Question

The difference between the apparent frequencies of a source of sound perceived by a stationary observer during its approach and recession is $2\%$ of the actual frequency of the source. If the speed of sound is $300\text{m/s}$, the speed of the source is

• A. $12\text{m/s}$
• B. $6\text{m/s}$
• C. $1.5\text{m/s}$
• D. $3\text{m/s}$

Answer 1

The correct option is D $3\text{m/s}$

Let,
$f_o=$ actual frequency of source;
$f_A=$ frequency heard during approach;
$f_R=$ frequency heard during recession:
$V_s=$ speed of source:

Given:
Speed of observer, $V_o=0;$
Speed of sound, $V=300\text{m/s}$;

$f_A-f_R=\frac{2}{100}{f}_o.......\left(1\right)$

Now using formula of apparent frequency (Doppler effect)

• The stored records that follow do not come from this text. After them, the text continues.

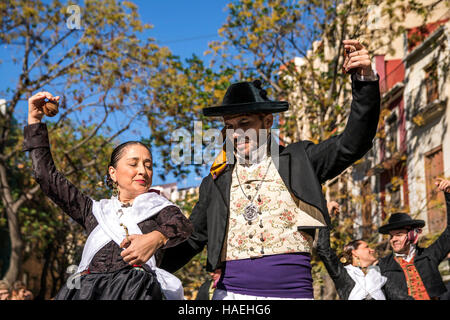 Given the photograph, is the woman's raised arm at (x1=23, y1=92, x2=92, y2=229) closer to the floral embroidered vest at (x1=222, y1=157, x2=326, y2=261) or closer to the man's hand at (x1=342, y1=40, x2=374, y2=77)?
the floral embroidered vest at (x1=222, y1=157, x2=326, y2=261)

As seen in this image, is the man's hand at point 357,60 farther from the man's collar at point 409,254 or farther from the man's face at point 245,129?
the man's collar at point 409,254

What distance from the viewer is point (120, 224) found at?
10.6ft

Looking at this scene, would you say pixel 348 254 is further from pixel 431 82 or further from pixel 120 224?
pixel 431 82

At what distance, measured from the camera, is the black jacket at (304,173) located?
306 cm

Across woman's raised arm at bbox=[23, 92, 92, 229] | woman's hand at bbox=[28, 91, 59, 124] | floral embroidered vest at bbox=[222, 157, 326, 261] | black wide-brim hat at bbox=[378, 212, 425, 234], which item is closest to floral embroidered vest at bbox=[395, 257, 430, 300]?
black wide-brim hat at bbox=[378, 212, 425, 234]

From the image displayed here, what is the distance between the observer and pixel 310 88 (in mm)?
14695

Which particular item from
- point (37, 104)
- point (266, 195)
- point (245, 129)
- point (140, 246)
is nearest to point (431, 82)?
point (245, 129)

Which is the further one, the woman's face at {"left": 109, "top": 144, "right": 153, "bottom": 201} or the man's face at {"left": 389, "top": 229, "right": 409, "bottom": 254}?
the man's face at {"left": 389, "top": 229, "right": 409, "bottom": 254}

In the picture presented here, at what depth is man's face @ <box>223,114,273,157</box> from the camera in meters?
3.53

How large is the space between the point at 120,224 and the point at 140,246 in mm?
342

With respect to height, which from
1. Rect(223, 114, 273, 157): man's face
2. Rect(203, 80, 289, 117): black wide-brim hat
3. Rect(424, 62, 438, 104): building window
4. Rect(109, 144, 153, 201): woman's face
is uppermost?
Rect(424, 62, 438, 104): building window

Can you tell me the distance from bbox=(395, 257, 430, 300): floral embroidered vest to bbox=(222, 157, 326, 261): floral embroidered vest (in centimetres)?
331

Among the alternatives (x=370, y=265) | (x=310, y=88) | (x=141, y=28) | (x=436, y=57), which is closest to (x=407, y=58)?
(x=436, y=57) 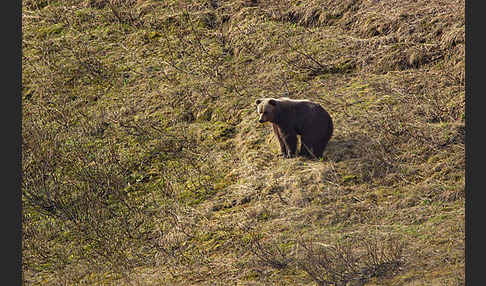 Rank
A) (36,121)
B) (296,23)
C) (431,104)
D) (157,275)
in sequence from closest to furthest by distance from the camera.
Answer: (157,275), (431,104), (36,121), (296,23)

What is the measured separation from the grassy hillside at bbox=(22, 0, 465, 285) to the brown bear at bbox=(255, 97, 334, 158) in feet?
0.88

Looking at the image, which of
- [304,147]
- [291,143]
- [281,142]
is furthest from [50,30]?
[304,147]

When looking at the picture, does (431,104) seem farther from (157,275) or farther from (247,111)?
(157,275)

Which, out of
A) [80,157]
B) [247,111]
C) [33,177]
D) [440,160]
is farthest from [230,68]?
[440,160]

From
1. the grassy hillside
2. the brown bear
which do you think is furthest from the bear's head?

$f_{app}=f_o(\frac{V\pm V_o}{V\pm V_s})$

During approach;

$f_A=f_o(\frac{V+V_o}{V-V_s})$

$\Rightarrow f_A=f_o(\frac{300+0}{300-V_s})$

$\Rightarrow f_A=f_o(\frac{300}{300-V_s}).....\left(2\right)$

During recession;

$f_R=f_o(\frac{V+V_o}{V+V_s})=f_o(\frac{300+0}{300+V_s})$

$\Rightarrow f_R=f_o(\frac{300}{300+V_s}).....\left(3\right)$

from eqs.(1), (2) and (3)

$f_o(\frac{300}{300-V_s})-f_o(\frac{300}{300+V_s})=\frac{2}{100}{f}_o$

$\Rightarrow (\frac{300}{300-V_s})-(\frac{300}{300+V_s})=\frac{2}{100}$

$\Rightarrow \frac{300\times 2V_s}{{300}^2-V_s^2}=\frac{2}{100}$

Since, ${300}^2>>>V_s^2,$ so we can neglect this term

$\Rightarrow V_s=3\text{m/s}$

Hence, option $\left(d\right)$ is the correct answer.